Der Weg zurück gehört nicht zu meinen Highlights von Pompeji: lang, steil, heiß, macht er mehr als deutlich, dass wir, nun ja, ich ziemlich müde bin und dass wir seit der kleinen Pizza vor langer Zeit nichts mehr gegessen haben. Das „Restaurant“ am Forum ist aber wenig ansprechend und so verzichten wir gerne auf Sandwichs aus dem Automaten.

Inzwischen sind wir fünf Stunden unterwegs und langsam ist es genug. Nur noch die Terme Suburbane, direkt neben dem Eingang, dann schließen wir „unser Pompeji“ für heute ab.

Leider schließen wir auf einer sehr verärgerten Note ab. Am Forum ist plötzlich der Weg nach unten durch die Porta Marina abgesperrt, Besucher werden durch den Museumsshop und das Antiquarum zwangsumgeleitet. Da gibt es dann keinen Ausgang, wir werden eine Viertelstunde lang von Raum zu Raum, von Etage zu Etage geleitet, nirgendswo gibt es einen Ausgang. „Ja!“, lacht die Museumsangestellte, „das ist jetzt gerade kompliziert mit dem Umbau. Sehen Sie, da ist der Ausgang – aber gesperrt!“ Dann stürzt sie sich in langwierige Erklärungen, die uns in den Kellerräumen fast wieder umkehren lassen, bis wir tatsächlich den hinter mehreren verwinkelten Ecken versteckten Not- und jetzt Hauptausgang finden.

Zu unserer Verwunderung stehen wir fast direkt vor den Drehkreuzen des Ausgangs, keine Möglichkeit, einen Zugang zu den Thermen, quasi auf der anderen Seite des Eingangsbereichs, zu finden.

Wir versuchen jemanden vom Personal zu überreden, uns schnell hinaus und kurz – nur für die Thermen – wir haben ja ganz offensichtlich Eintrittskarten – wir wollen doch nur…

Die Dame wiegelt knallhart ab, das ginge auf gar keinen Fall. Auf unsere Bitte, uns nun einen schnellen Weg in Pompeji selbst zu den Thermen zu erklären, kommt ein ernüchterndes: „Die sind eh seit drei Minuten geschlossen.“ Vielen Dank, Zwangsumleitung.

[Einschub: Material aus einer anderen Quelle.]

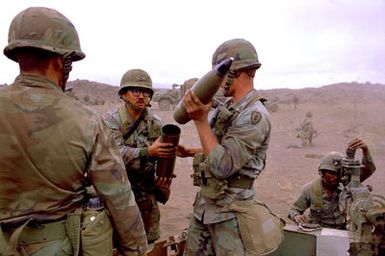 Members of B Battery, 7th Bn., 8th Field Artillery Regiment, 25th Inf. Div., prepare a 105mm shell for firing from an M-102 howitzer during a live-fire exercise at the Pohakuloa Training Area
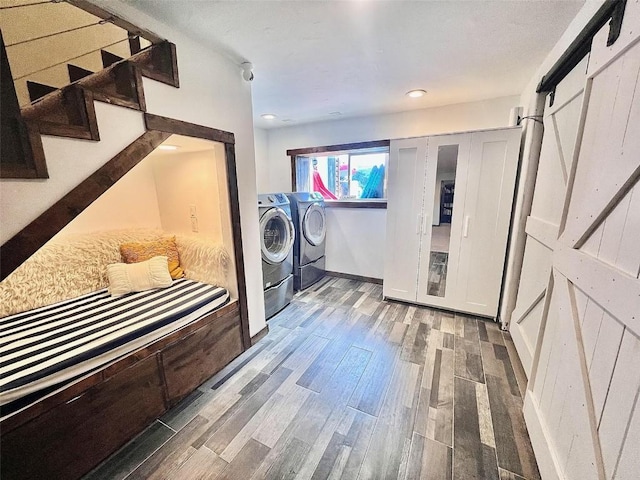 158 Oak Ridge Cir, Oak Creek, CO 80467 - laundry room with wood finished floors, separate washer and dryer, and recessed lighting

Der Zug nach Neapel ist ziemlich überfüllt und wir sehen offensichtlich noch nicht so alt aus, dass uns Jüngere ihren Sitzplatz anbieten. Das ist ja eigentlich ein ganz positiver Aspekt, wenn auch etwas anstrengend.

Vor der Porta Nolana zückt Monsieur seine Lebensgefährtin, während ich schnurstracks auf ein Taxi zugehe. Monsieur seufzt und kapituliert.